Ratov protested against this situation in soviet press, claiming that the western allies were holding back soviet citizens under the false pretence that their citizenship was undetermined. He characterized this as an illegal action and accused western authorities of keeping soviet citizens isolated from the members of his commission and filling their heads with propaganda. This criticism has been portrayed as largely incorrect and unreasonable by Norwegian historians, but with regards to propaganda he did have a point. There are evidence of such activities going on in the camps, but Ratov and his men on the other hand also participated in this. During the phase when they still had access to the camps, they would convey messages such as „you have carried the heaviest burdens of the war“, „you have nothing to fear“ and „mountains of gold await you“ to the inmates.

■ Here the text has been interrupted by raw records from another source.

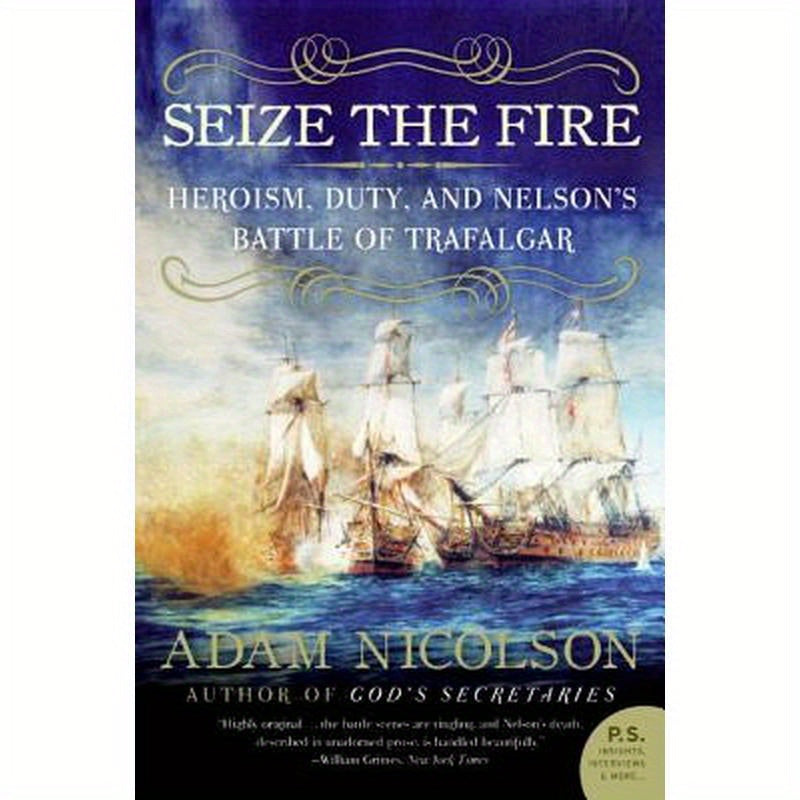 Seize the Fire: Heroism, Duty, and Nelson's Battle of Trafalgar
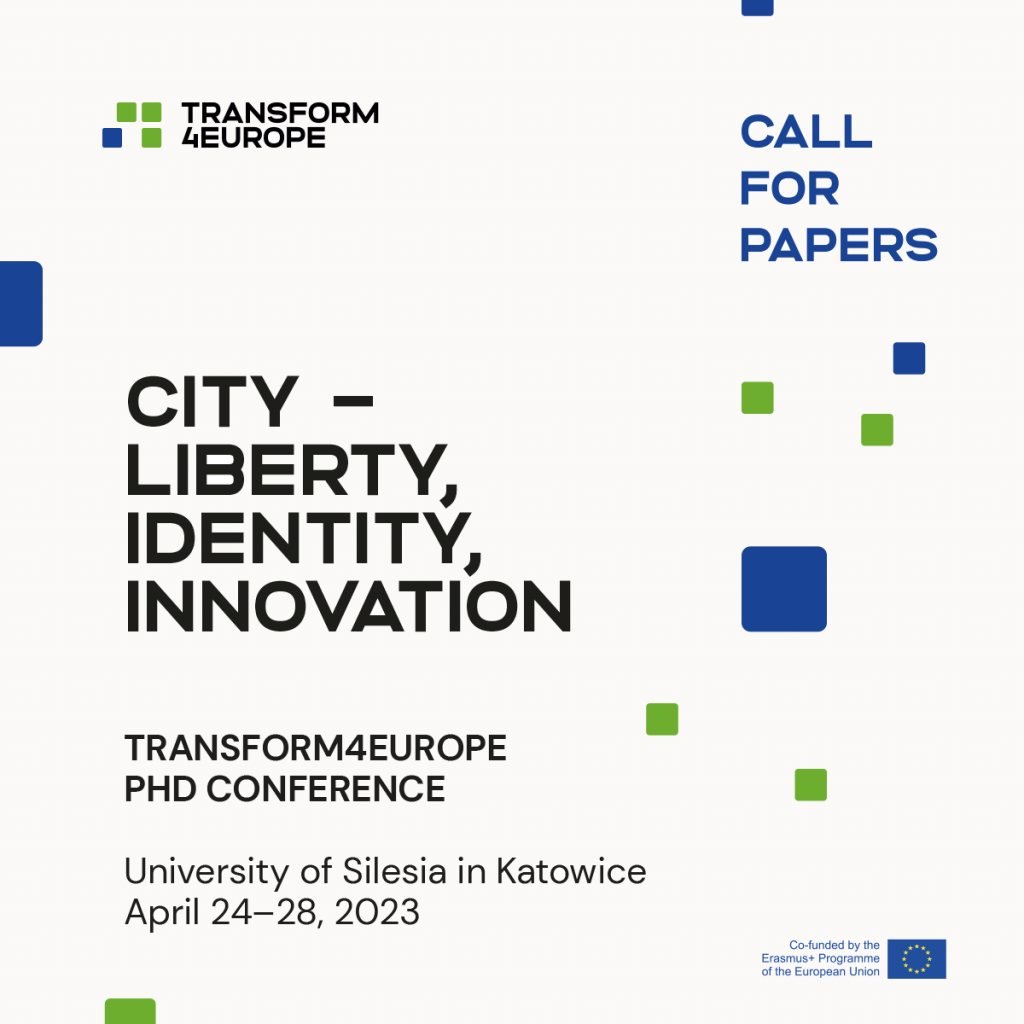 T4EU PhD Conference „City – Liberty, Identity, Innovation”, University of Silesia, April 24–28, 2023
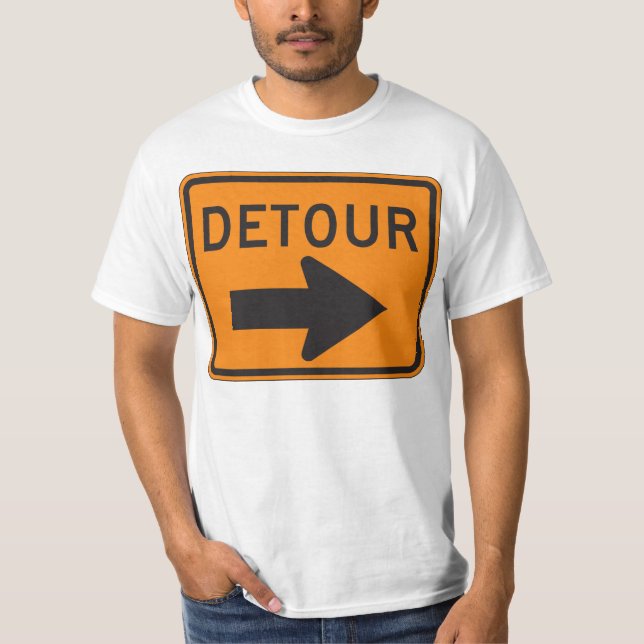 DETOUR Sign T-Shirt! T-Shirt (Front)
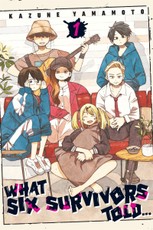 What Six Survivors Told..., Vol. 1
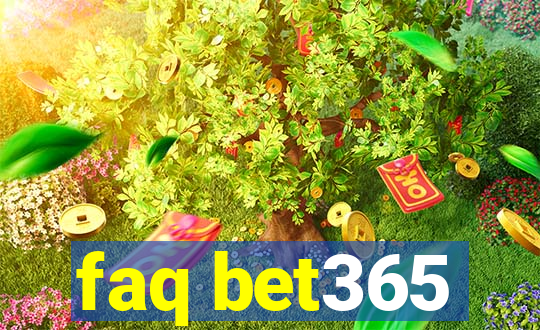 faq bet365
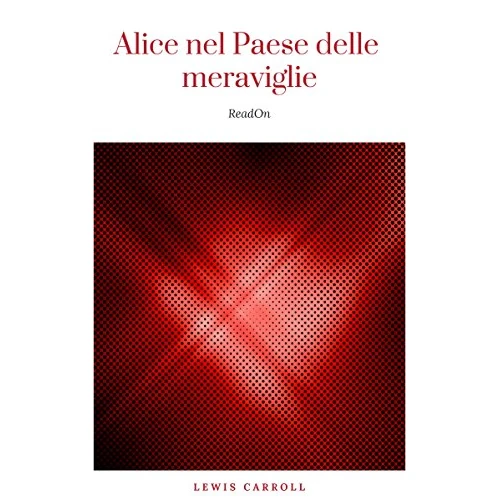 Alice nel Paese delle meraviglie (Italian Edition)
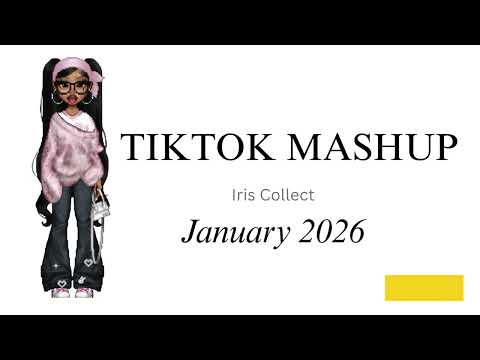 New TikTok Mashup January 2026 💙 not clean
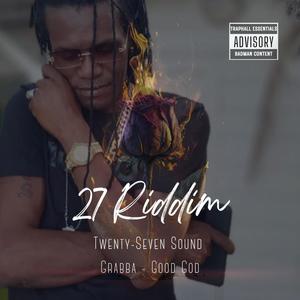 27 Riddim (Good God) (feat. Grabba Musiq)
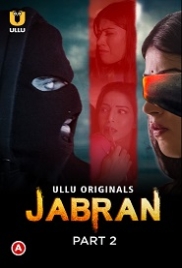 Jabran Part 2 (2022) S01 Ullu Web Series Watch Online Jabran Part 2 (2022) S01 Ullu Web Series Watch Online (2023)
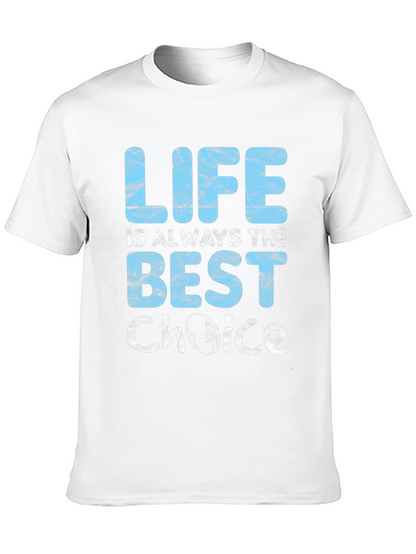 Pro-Life T-Shirt: Life is Always The Best Choice
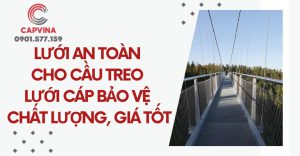 lưới an toàn cho cầu treo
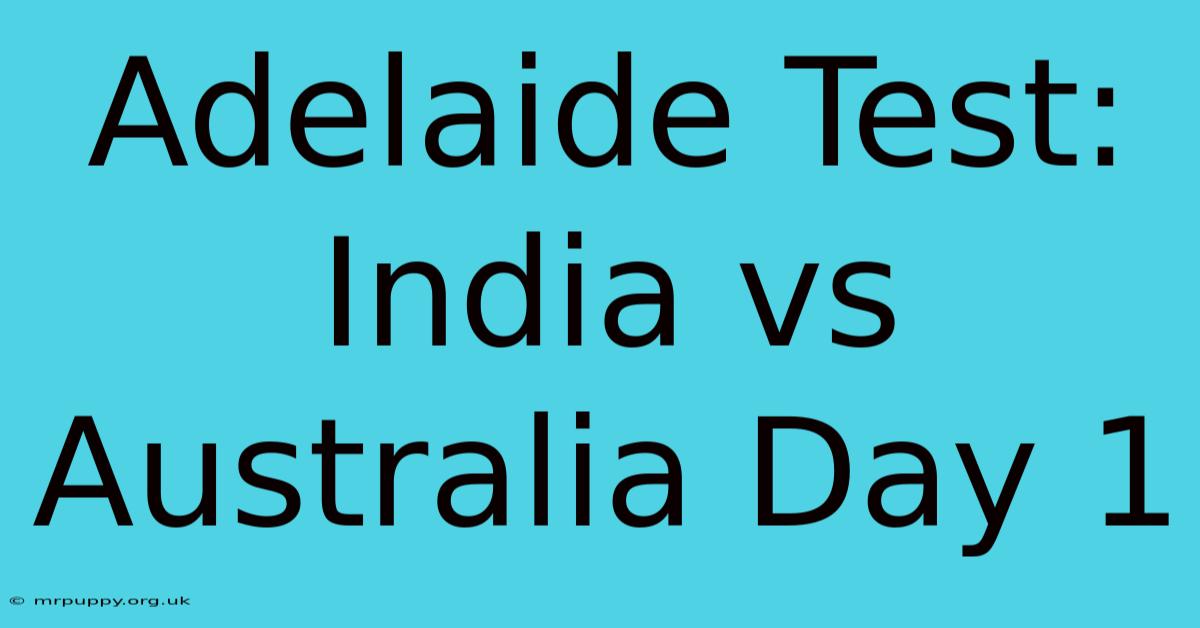 Adelaide Test: India Vs Australia Day 1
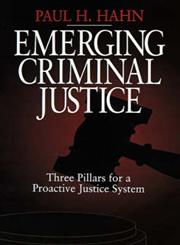 Emerging Criminal Justice Three Pillars for a Proactive Justice System,0761912835,9780761912835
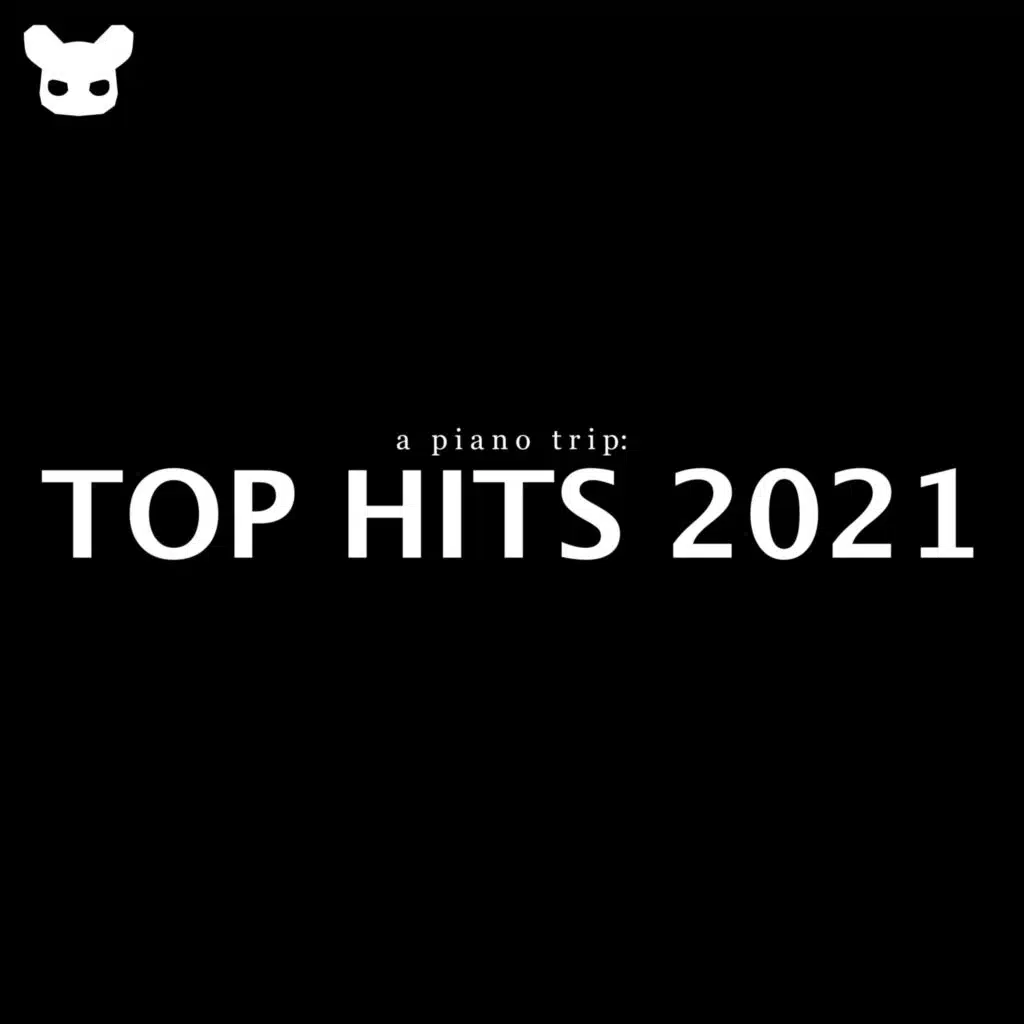 A Piano Trip: Top Hits 2021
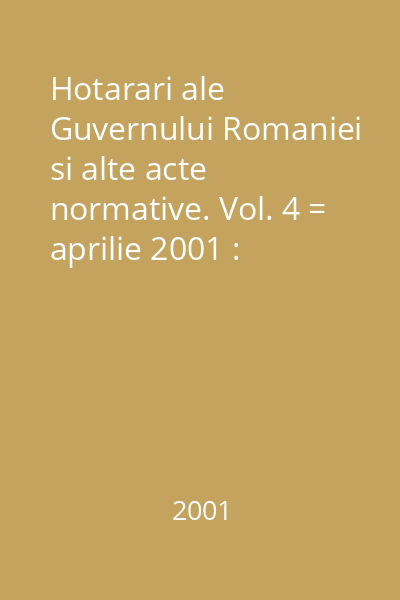 Hotarari ale Guvernului Romaniei si alte acte normative. Vol. 4 = aprilie 2001 : Hotărâri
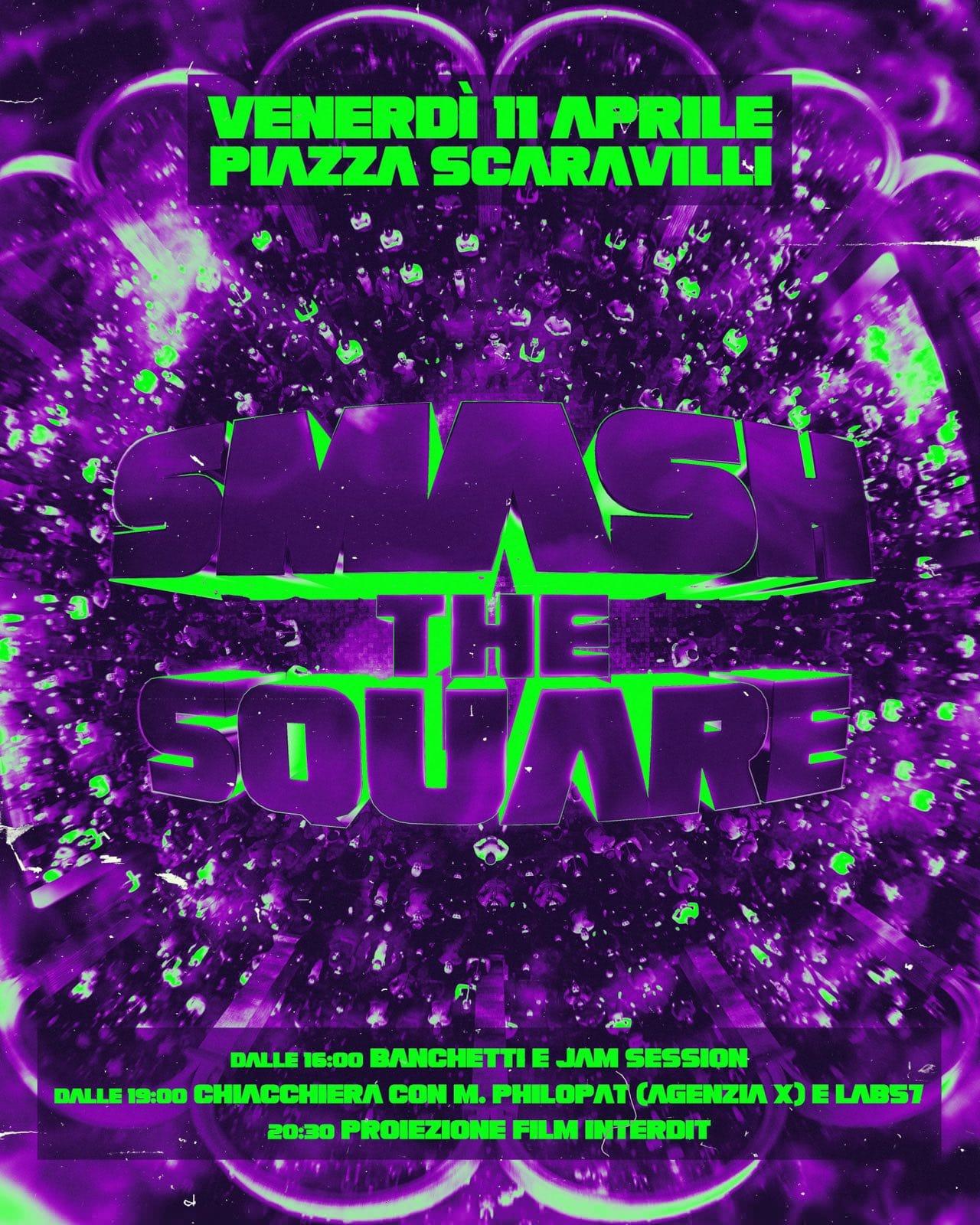 Smash The Square! 11/04/25 @ Piazza Scaravilli (BO)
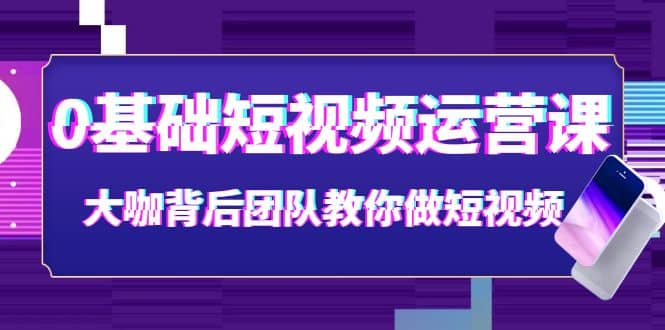 0基础短视频运营课：大咖背后团队教你做短视频（28节课时）-金创谷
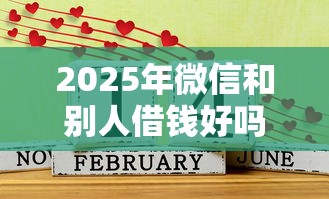 2025年微信和别人借钱好吗？分享五个什么软件借钱最快通过利息低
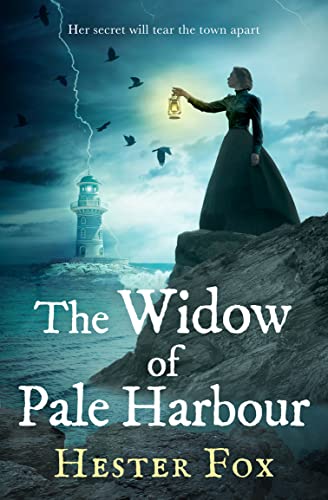 The Widow Of Pale Harbour: a thrilling gothic tale of intrigue, romance and murder perfect for fans of Lucinda Riley and Dinah Jefferies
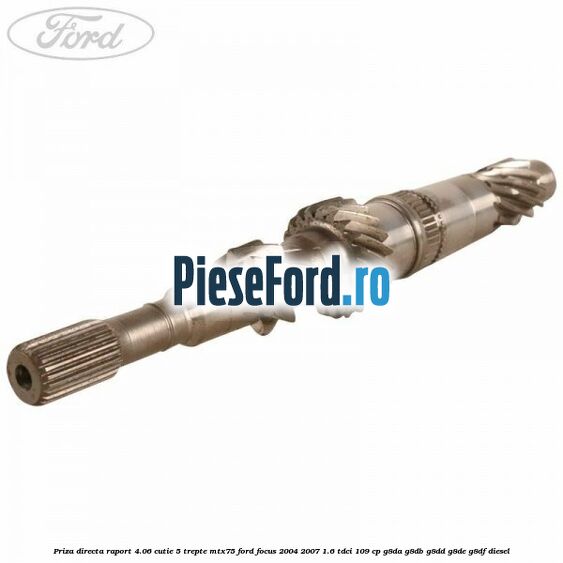 Priza directa raport 4.06 cutie 5 trepte MTX75 Ford Focus 2004-2007 1.6 TDCi 109 cp G8DA, G8DB, G8DD, G8DE, G8DF diesel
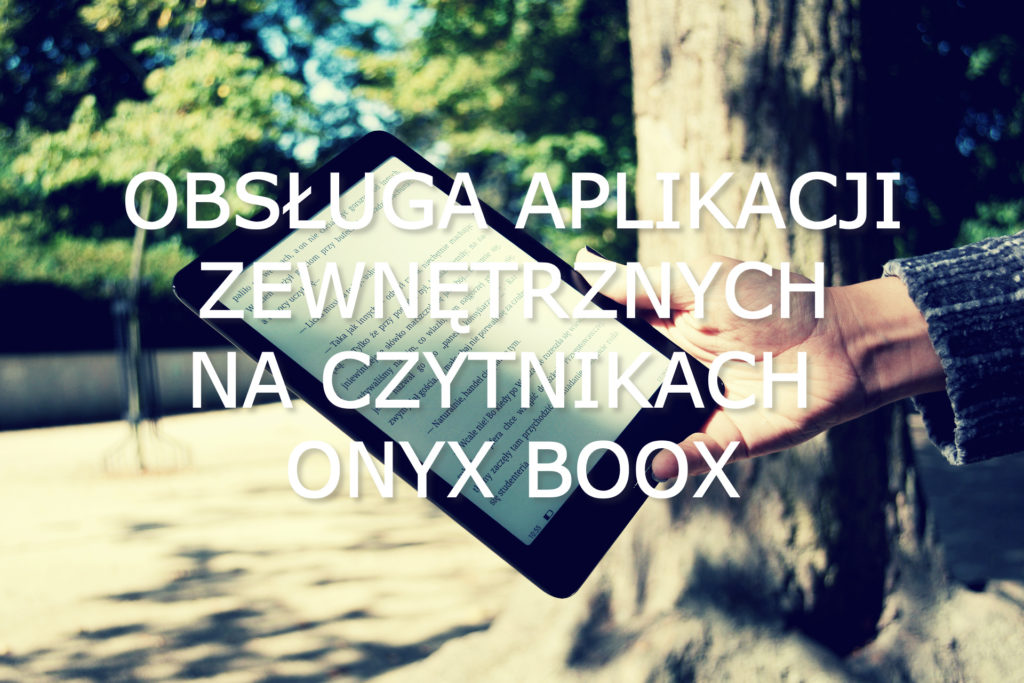 Aplikacje zewnętrzne na e-czytnikach Onyx Boox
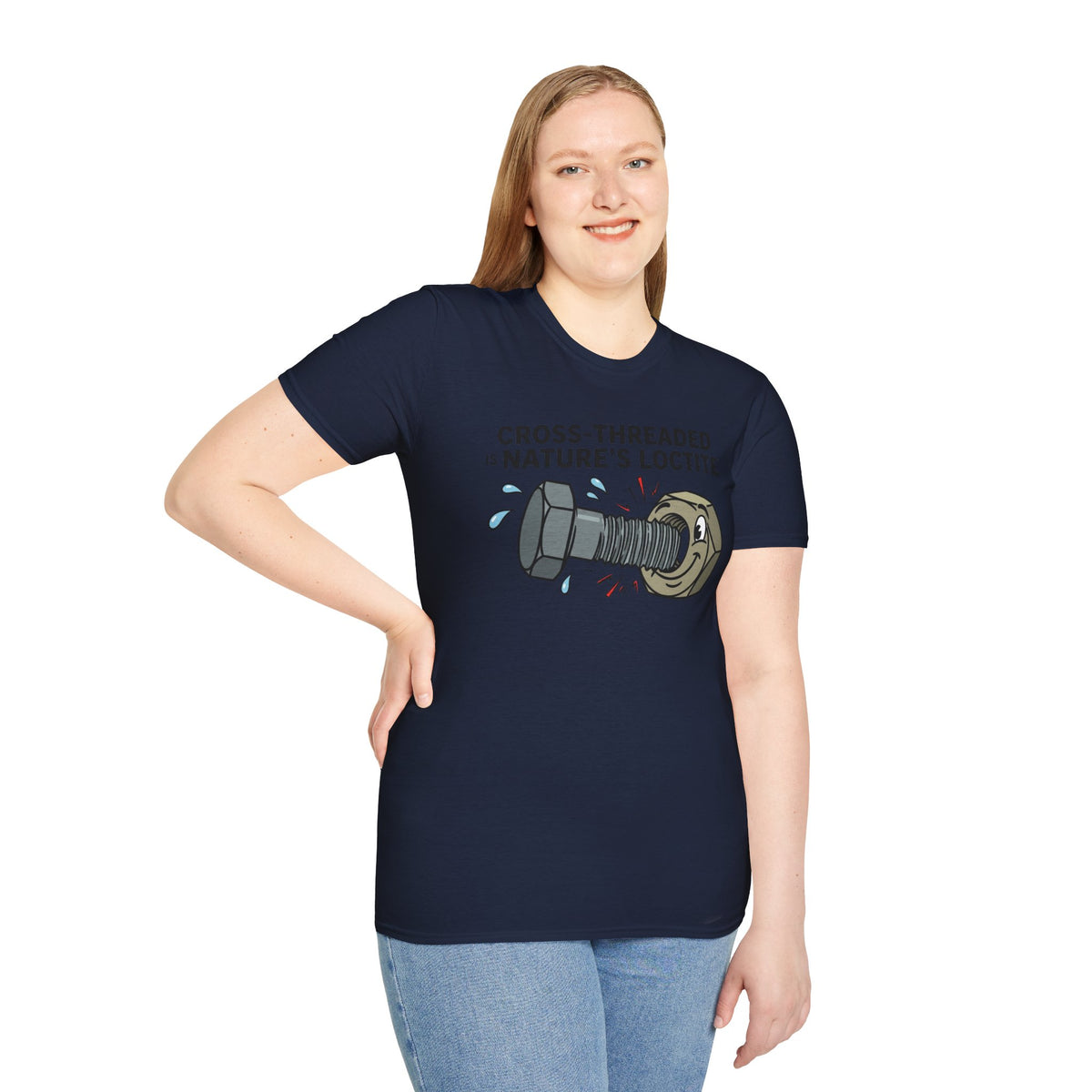 T-Shirt — Cross-Threaded Is Nature’s Loctite Bolt & Nut Funny Mechanical Tee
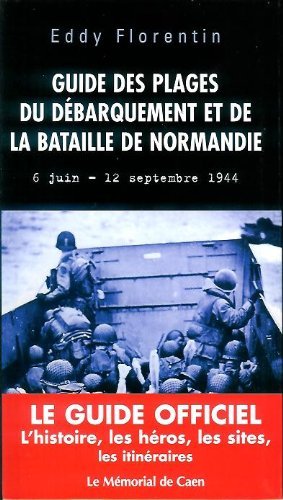 Guide des plages du débarquement et de la bataille de Normandie : 6 juin-12 septembre 1944 9782702884065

Words that the soviet representatives must have known were less than true, but still they managed to convince a number of people to return voluntarily. With access to the camps now being limited, such opportunities for persuasion were greatly reduced. Still they managed to get their hands on more people. On July 27th, a soviet major accompanied by two Lithuanians gained illegal access to the Ranum internment camp and left with seven inmates of Baltic origin. Although this incident is characterizes as a case of persuasion rather than an abduction, it was still not according to the rules. When Ratov later was confronted with this fact, he described the Balts as being Lithuanians and „burning with desire to return to their homeland“. He further criticised the camp administrators for attempting with all possible means to rob his countrymen of the opportunity to return home to their families.
It was also common for the soviet representatives to make incorrect claims when demanding inmates extradited from the camps. One example is from August 20th 1945, when Ratov himself in a letter claims that there are two soviet citizens being held in the Bergan internment camp. They were allegedly imprisoned in a dark and damp basement because of their burning desire to return to the Soviet Union. Upon questioning, it turned out that these men were from the Vilnius area and that they had no desire to go back. Such incorrect claims and accusations of western propaganda continued until the repatriation commissions left Norway in December 1945.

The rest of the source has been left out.